Like follow requests, accept follow requests, making posts, et cetera, right?
And that's where you write your ETLs to actually, right, that's you're making a function from data to indexes.
So that's the mindset, I guess, you use when using Rama.
And the great thing is that you're able to do all this stuff,
all this flexibility on top of a single platform.
And one of the really nice consequences of this
is how much it simplifies deployment.
Like when you look at companies building applications at scale,
like deployment engineering is no joke.
Like it is really costly.
Like you often have entire teams only doing that,
writing sometimes millions of lines of code and conversion.
And none of that code has,
there's no business logic in any of that code.
It's pure complexity.
It's plumping and putting bits on boxes.
It's crazy.
Like it's really wild.
Now with Rama being such an integrated platform,
when you can deploy your whole thing on one system, well, Rama understands how to deploy and update Rama applications.
That's like the core parts of the platform.
So it's able to do it in a general purpose way with all the best practices just built into the system so that you can take an existing application that you have running, which is called a module in Rama.
And you can say, I want to update it.
And we spend a lot of time on module update.
So it's completely fault tolerant.
It does the transition very, very smoothly
to transition responsibility between the two versions.
All the stuff people are doing manually
and in a very complex way currently.
So all that stuff is just free.
Because it's a general purpose platform,
it's able to implement it in a general purpose way.
And then boom.
Now as a developer,
you don't really have to worry about that anymore,
which is like,
I think one of the most like brutal costs of the a la carte model is,
is the fact that you have engineered deployment yourself.
Oh,
for sure.
Now the other,
yeah,
the other really nice consequence is monitoring,
right?
So Rama being such a general purpose platform, it's able to implement monitoring.
Like monitoring is the same thing, right?
Monitoring is you're collecting data, you're materializing using that data, and you need to have a way to query that data.
So Rama actually implements monitoring using itself.
So there's a built-in Rama module, which collects data and then materializes telemetry on that data.
Sorry, it's collecting the data from all the other modules and then materializing using that data.
And then it has a built-in cluster UI where you get very deep and detailed telemetry
on all aspects of your module or of all your modules, which I think it's really cool that
it's able to just be like recursive likeive like that.
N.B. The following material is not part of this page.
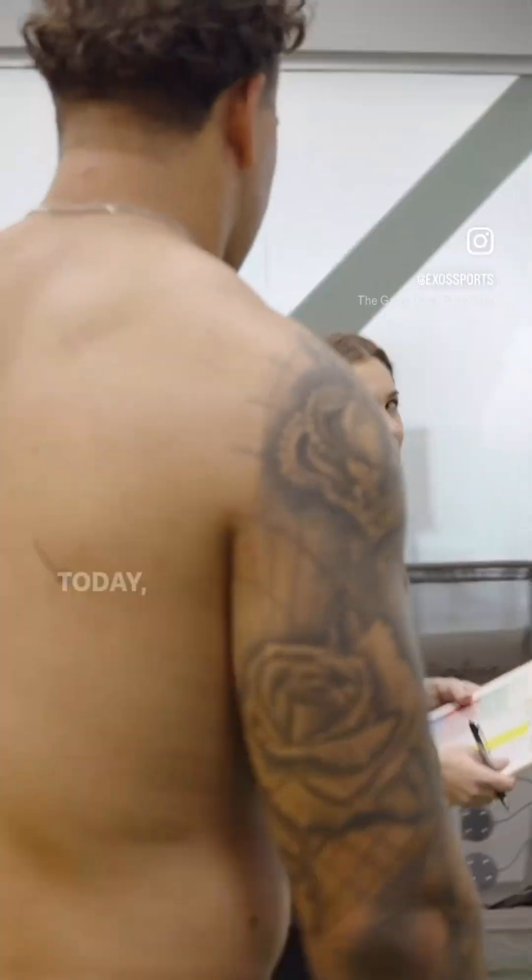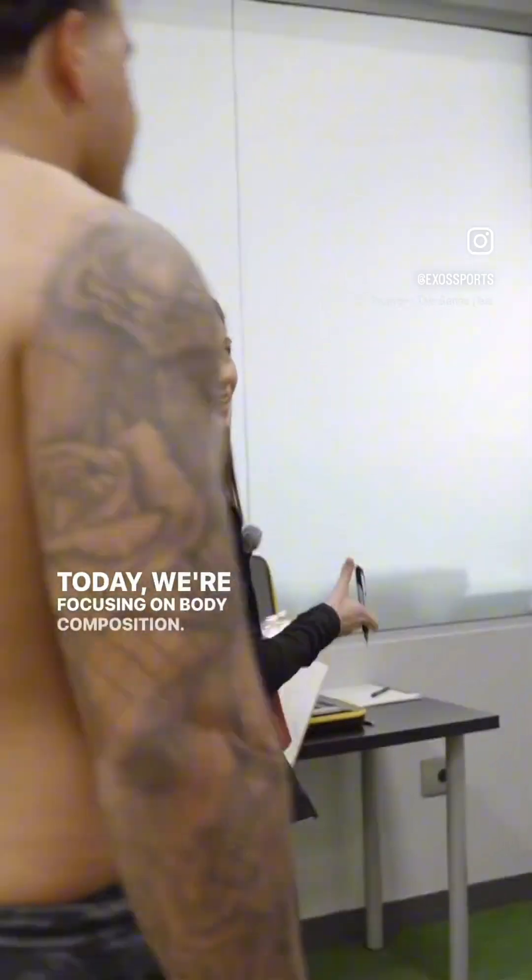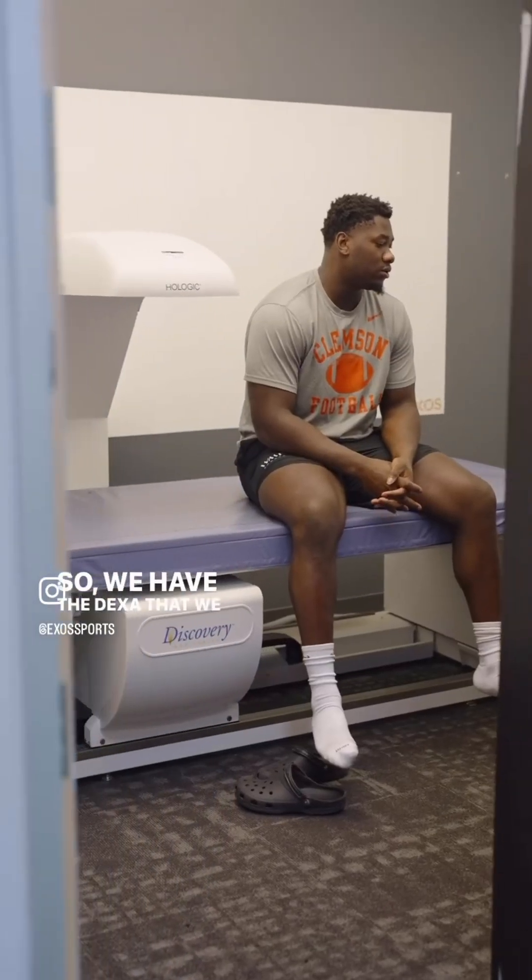Let's talk about the assessments we use with athletes when they first arrive at EXOS. To start with, they're going to begin with our dietitians. They'll sit down, and the dietitians will catch body weight and height, and also perform a DEXA scan on the athlete so that we can get loads of information like body composition, bone mass, etc.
Rama is just using itself to implement telemetry.
It's not doing anything special.
The telemetry module is exactly the same like any other module.
So how much Rama helps on deployment and monitoring?
I was always thinking from the start in terms of end-to-end cost, and deployment and monitoring
are a very substantial part of the end cost.
So that's one of the things that really excites me about Rama,
that all that complexity is just gone when you're using Rama.
And it's so much simpler, so much easier.
I think it's super cool that you guys literally built a Twitter clone in order to just show how powerful it is.
And just to quote some numbers from the blog,
that it was only
10,000 lines of code comparing to like the 1 million that Twitter wrote to start with.
And then this is having 100 million bots posting 3,500 times per second at 400 average fan out,
which sounds like super impressive. The other aspect you measured is to quantify this 100x improvement
is how long it took to do it.
So nine months versus the 200, sorry,
nine percent months versus the 200 percent years.
Yeah, so I'm very curious to learn more about the trade-offs.
So in terms of the pros,
so in addition to deployment and monitoring, as you mentioned,
I imagine this is a bit harder to do, but I imagine bugs are also become like less and
much easier to fix, right?
A lot of the production bugs happen in between kind of systems that sort of come out of this
a la carte menu that you described, right?
So if you actually start from scratch, if i may i feel like a very maybe
bad example is like you know going from a like dynamic language like python you don't where you
don't have to learn to know a lot right to a compiled actually strongly typed where you have
to kind of specify all the things up front like you get that trade-off like now there's way less
you know random things can happen right like yeah like what do you think about like the debugging
and then, you know, the outages, like that aspect of things?
Yeah, well, like, first of all, bugs become much less,
when you have 100x less code, you're going to have a lot less.
Actually, no, that's right. No code, no bugs.
It's not just the line, it's not just another line of code.
It's just the reduction in complexity.
And again, when your code doesn't have impedance mismatches,
when you're able to actually represent data in a way that actually is optimal
and makes sense as opposed to having to twist it like you do with databases,
that reduction in complexity just helps a ton, right?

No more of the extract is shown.